While only the D614G mutation has spread widely, there is no scientific consensus on whether this variant is more virulent or faster-spreading than other forms of the virus, the paper said. Studying mutation patterns further can help inform researchers working on treatments or vaccines.
COVID-19 Viral Beacon, Rambla said, can help researchers quickly locate information on mutations in specific positions so they can understand the meaning of the changes. The site has changed as the knowledgebase has grown, notably adding a search for changes in amino acids in the coronavirus's spike protein.
"We are adding these features to make the discovery much easier and we are also adding more context to the query you are doing," Rambla said.
As with many other genomic data repositories, the GISAID data in COVID-19 Viral Beacon in particular is lacking context because the biobanks that collect samples hide some personal information of donors, including their age and sex. Also, GISAID's data licensing agreement prohibits the redistribution of certain elements of the dataset.
"This means that we need to think in how to do some features in order to not to break [the] agreement," Rambla said.
He was particularly struck by the lack of metadata available to COVID-19 Viral Beacon prior to the CRG processing. "The pressure for getting access to the data and doing analysis on the data is so big that it's shocking to me that we haven't gotten [more] on that," Rambla said. Conspicuously absent are any clues about race or ethnicity.
"You cannot infer anything about [whether a mutation] is more common in men than women or in Asian people or in African people. You're completely blind to this information," Rambla said.
If a sample is known to come from China, for example, it is reasonable to assume that the donor is Asian, but even that is not a certainty. The problem is more acute in Europe and North America, where populations are far more diverse.
Rick Stevens, associate laboratory director at Argonne National Laboratory in Lemont, Illinois, called COVID-19 Viral Beacon "certainly useful" to the research community, but noted the same shortfalls of the GISAID dataset.
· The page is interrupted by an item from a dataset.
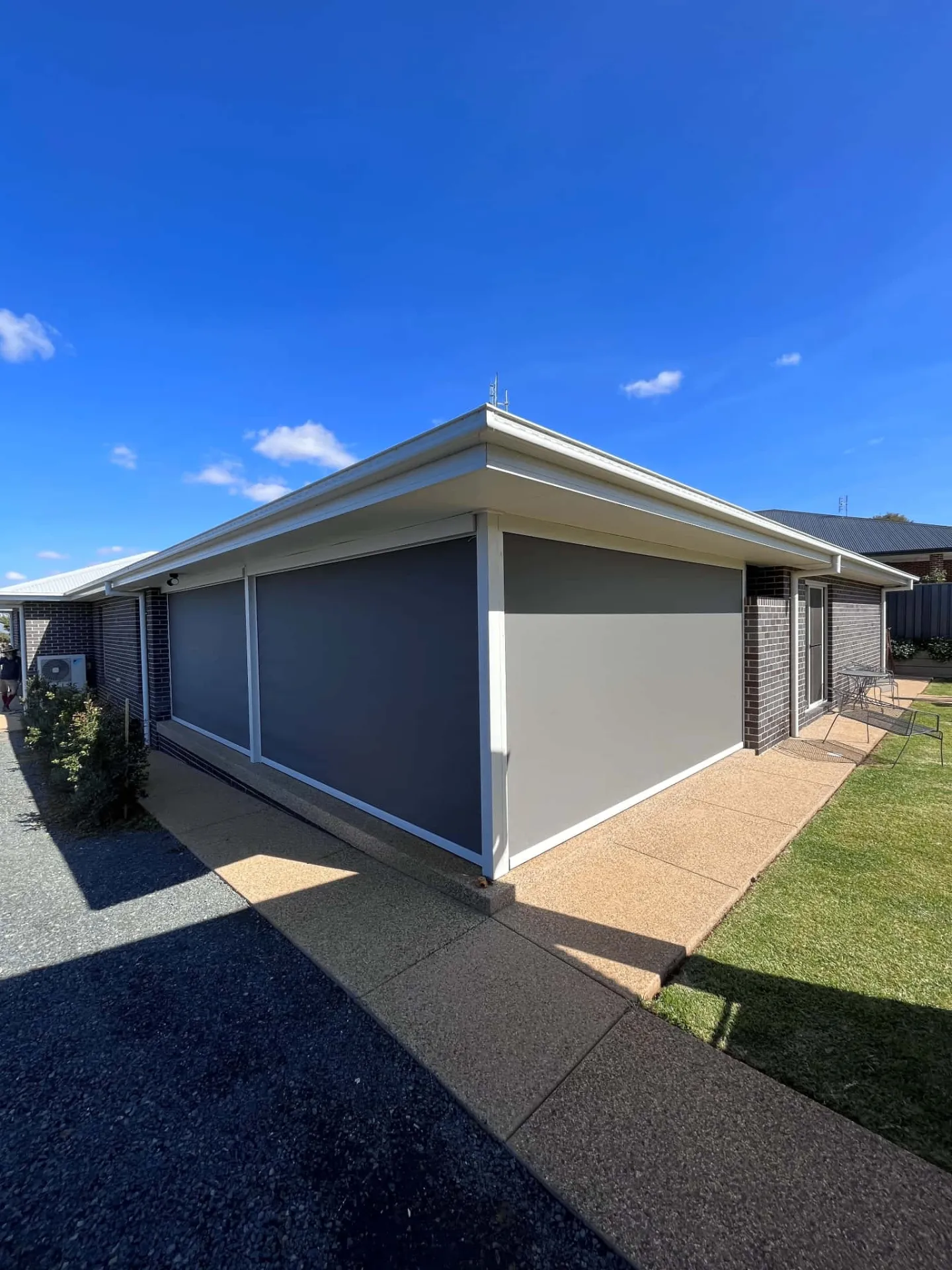 Large format outdoor zipscreens on brick home exterior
Stevens was especially struck by the Oxford Nanopore and Illumina pipelines to help overcome some of the limitations of the GISAID data, which lacks a lot of metadata and does not allow the redistribution of certain demographic characteristics of sample donors. "What they've done is integration of the raw data with the assembled data, which is really useful," Stevens said. He also praised the graphical display on the COVID-19 Viral Beacon website.
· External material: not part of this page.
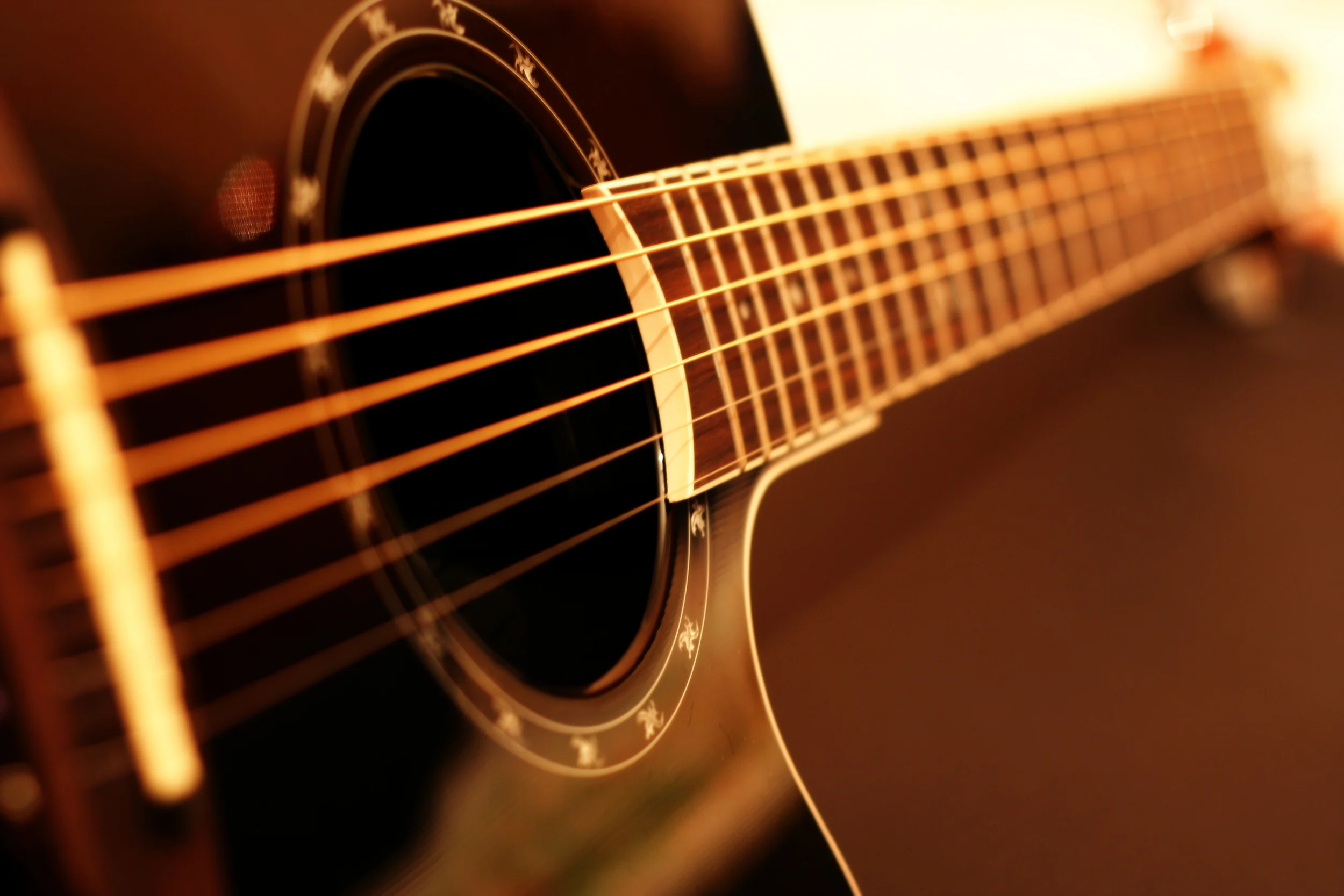 Close-up of an acoustic guitar with focus on the sound hole and strings, illuminated with warm light.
For its part, CRG is now beefing up statistical information on the website, including infection breakdown by patient sex, age range, and country when available, complete with search capabilities. "Instead of giving you a set of numbers saying this is the number of mutations with a raw list of where you find it, we will offer you some more statistical context," Rambla said.
He said that they are also looking at presenting information on indels in viral genomes rather than just single-nucleotide variants. "Sometimes it's very relevant because it is what is making a protein functional or not functional or extra-functional," Rambla said.
In a statement, EGA team member Babita Singh said that the CRG is now looking to collaborate with others in the field to make Viral Beacon "a quick, go-to genomic variants search tool for COVID and other infectious diseases." Singh expressed a desire to add human genomic variants in the future to support research into the interactions between human and viral genomic factors.
"This is a useful resource," said Argonne's Stevens. "Is it going to give us something that's impossible to get any other way? No, but it's good that they're doing it and they're making the data that they can distribute available."